**Dataset extract:**
__________

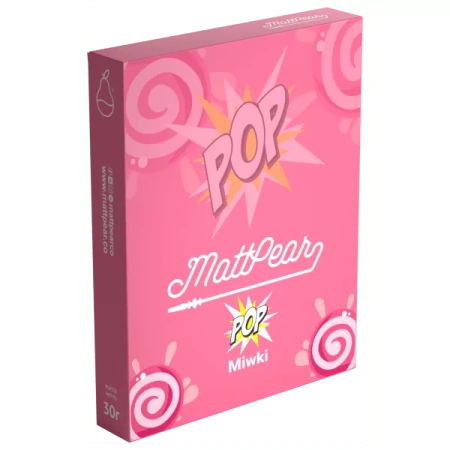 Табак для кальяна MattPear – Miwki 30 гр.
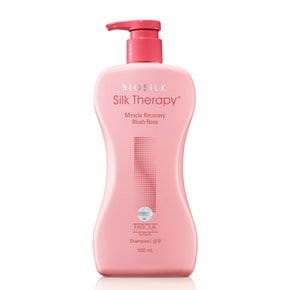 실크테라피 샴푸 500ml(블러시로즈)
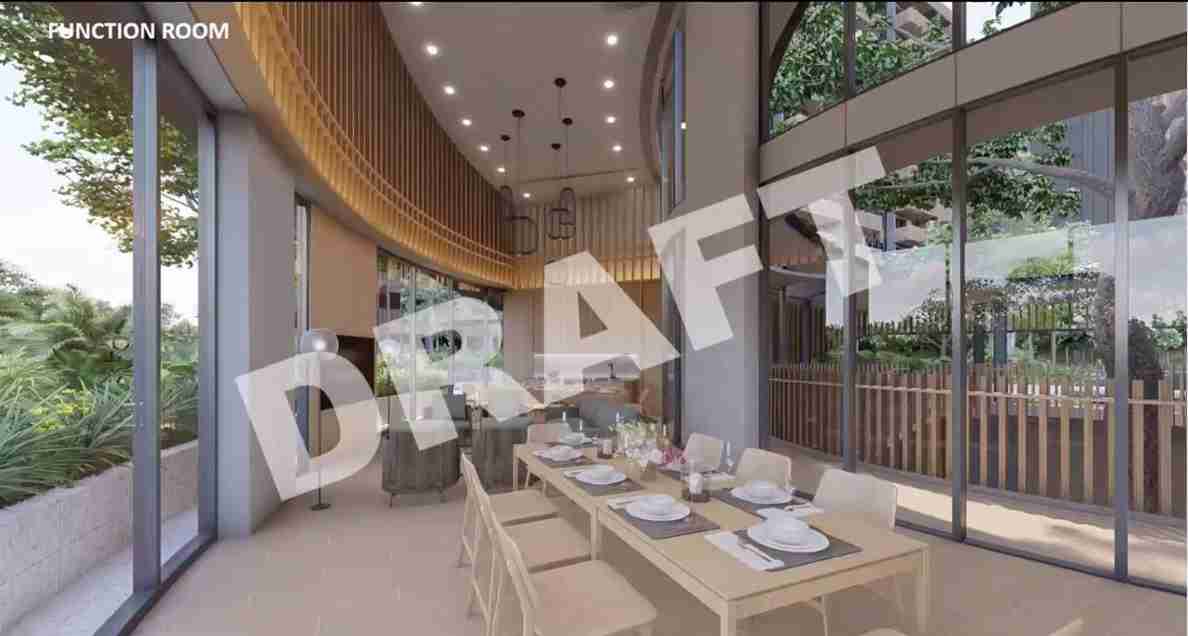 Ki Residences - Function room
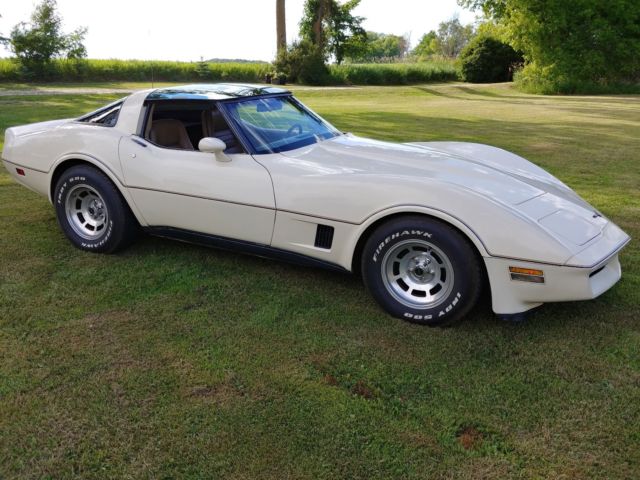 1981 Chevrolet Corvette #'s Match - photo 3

__________

**Work instructions:** Copy the data exactly. Pictures do not belong in the copy.

**Your response:**
 Табак для кальяна MattPear – Miwki 30 гр.
 실크테라피 샴푸 500ml(블러시로즈)
 Ki Residences - Function room
 1981 Chevrolet Corvette #'s Match - photo 3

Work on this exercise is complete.